Mark McLaren, a former parliamentary and legal affairs manager at consumer group Which?, is leading a class action seeking up to £4.5 billion in compensation from seven major housebuilders on behalf of over 700,000 homebuyers who purchased new-build properties between October 2015 and June 24 this year.
The lawsuit follows a Competition and Markets Authority investigation concluding in February 2024 that found signs the firms exchanged pricing, property viewings, and buyer incentives; the CMA dropped further action after the companies agreed to pay £100 million into affordable housing programmes.
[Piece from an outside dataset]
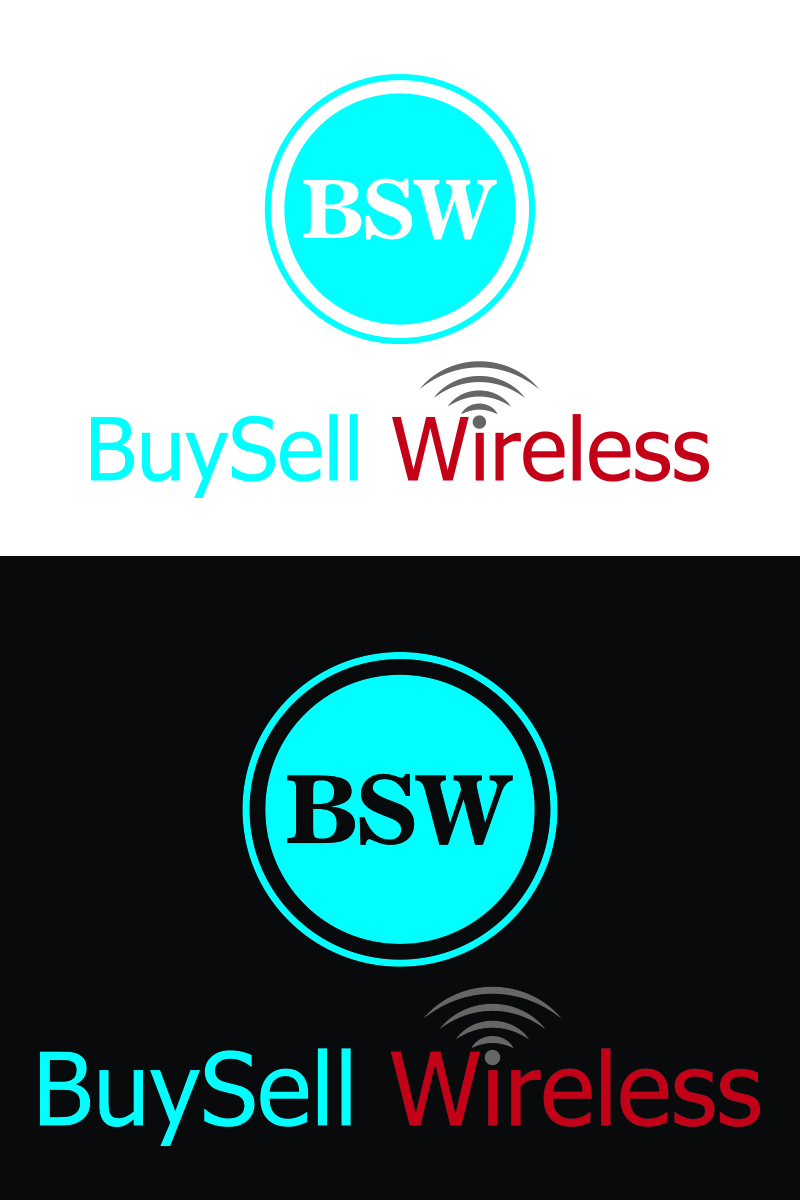 Logo Design by warisdawach for iHost Networks | Design #12171936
McLaren alleges that if housebuilders shared sensitive pricing and sales information instead of competing properly, homeowners across Great Britain may have been left out of pocket, with each affected buyer potentially due between £3,100 and £6,200 in compensation.
Before advancing, the Competition Appeal Tribunal must approve the class action, which is represented by competition law firms Geradin Partners and Hausfeld; Scott Campbell, a partner at Hausfeld, noted individual claims are unrealistic due to cost and complexity.
The claim targets Barratt Redrow, Bellway, The Berkeley Group, Bloor Homes, Persimmon, Taylor Wimpey, and Vistry Group, including its Countryside Partnerships division, distinguishing the lawsuit from the prior CMA settlement which avoided ruling on whether competition law was broken.